Dua hari yang lalu menangis. Karena yang ditahan itu tidak akan tertahankan hingga akhirnya keluarlah ia. Sudah sengaja menghindar dari segala sesuatu yang memberi stimulus, tapi tidak ada gunanya. Tangis tetaplah tangis. Ia tetap mengalir dan mengucur seenak jidat. Waktu itu pagi-pagi sekali. Tubuh sudah bangun sendiri tanpa perlu alarm. Lalu kegiatan pagi seperti biasa yang dimulai dengan sarapan sambil nonton televisi. Ternyata beritanya masih lanjutan berita semalam. Berita kekalahan seorang pemimpin yang bikin orang lain membenci dan ingin memaki karna ras dan agamanya. 

Semalaman berusaha tidak terpapar apa pun yang berkaitan dengan pemimpin itu. Segala koneksi internet sengaja dicabut, supaya seperti manusia gua yang tidak tahu informasi terkini. Tapi pagi itu, akibat rutinitas, secara tidak sadar manusia ini terkena paparan informasi. Celakanya, informasi itu membuat dia sedih. Kesedihan yang konyol. Hanya karena kekalahan seseorang yang bahkan tidak pernah ditemuinya. Paling hanya sekelebat dari berita sidang ini itu, debat di stasiun televisi ini itu, begitu-gitu saja padahal. Sialnya secara tidak sadar, manusia ini terpapar rasa cinta yang fiktif. Simpati dan empati yang tidak nyata. Terbatas layar kaca dan koneksi internet. Tapi mau bagaimana lagi. Sudah terlanjur.

Si manusia ini sudah telanjur sedih dan menangis. Hanya karena si pemimpin yang ia berikan empati itu kalah telak. Kekalahan yang tidak pernah sekelebat pun muncul dalam isi kepalanya. Ia menyaksikan keteguhan si pemimpin yang kalah itu. Lalu ia terharu. Terharu akibat kata-katanya yang terlalu besar hati. Terlalu lapang dan terlalu kuat untuk menggoyahkan hati-hati orang yang lemah. Pemimpin yang kalah itu akan mundur teratur hingga Oktober. Ia berjanji akan menyelesaikan apa yang harus diselesaikannya. Ia bilang ini semua kehendak Tuhan. Ia mengumbar senyum dan merangkul sang pemenang. Lalu hati si manusia lemah ini hancur berkeping-keping. 

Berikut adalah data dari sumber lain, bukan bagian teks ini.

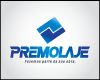 PREMOLAJE logo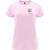 Capri T-Shirt für Damen (Bild 3)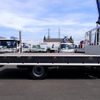 hino ranger 2012 GOO_NET_EXCHANGE_0402607A30250620W003 image 32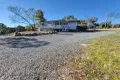 Property photo of 11 Cummerford Road Glen Aplin QLD 4381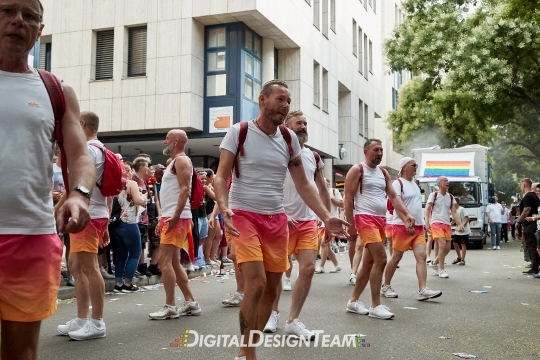 DigitalDesignTeamX2088330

Teruntuk si pemimpin yang kalah, maafkan manusia yang lemah ini karena hanya bisa menangis. Menangsi konyol di depan layar kaya. Tapi siapa pula yang peduli. Ibu kota tetap gemerlap dan menarik mata. Nyatanya bukan masalah siapa yang lebih kompeten, tapi masalah siapa yang lebih disukai. Mungkin juga bukan masalah suka. Tapi masalah siapa yang lebih dibenci. Semoga kebencian terjaga dalam tempurungnya. Keluarlah semaumu dan guncang ibu kota sesukamu. Manusia yang lemah ini hanya bisa menangis. 

April 17, 2017

Sebuah Fajar

Fajar datang, seorang gadis bangun dari tidurnya, dengan berbagai kembang tidur yang semerta-merta langsung rontok dari kepalanya. Gadis itu menggeleng hebat saat berusaha mengingat sesuatu dari yang rontok itu, tapi tak ada satu pun yang tersisa dalam ingatannya. Ia pun menyerah. Ia pun beranjak dari tempat tidurnya, sendiri, sunyi, hanya bunyi ayam yang tak henti berkokok, ia ke kamar mandi, wudhu, sembahyang, lalu berhadapan dengan laptopnya. Secara mengejutkan, hal-hal yang tadi mati-matian ia usahakan untuk diingat, kini menari-nari di kepalanya dengan liar. 

April 14, 2017

Pressure and Pleasure

Agenda bulan ini sebenarnya tidak jauh berbeda dengan bulan lalu. Sudah dua minggu berjalan dan sepertinya terlalu banyak hal yang harus ditulis jadi rasanya 24 jam pun tidak pernah cukup. Katanya target bulan ini mau merampungkan bab satu, dua dan tiga, sampai skala semuanya sudah jadi dan siap sebar untuk para subjek. Tapi target yang tadinya cuman seminggu, sekarang sudah molor seminggu lagi. Minggu ini yang katanya mau merampungkan bab satu sampai tiga dengan semua hasil revisi, ternyata waktunya cuman tinggal dua hari lagi. Menyedihkan. Jadi ini salahnya siapa? Salahnya waktu.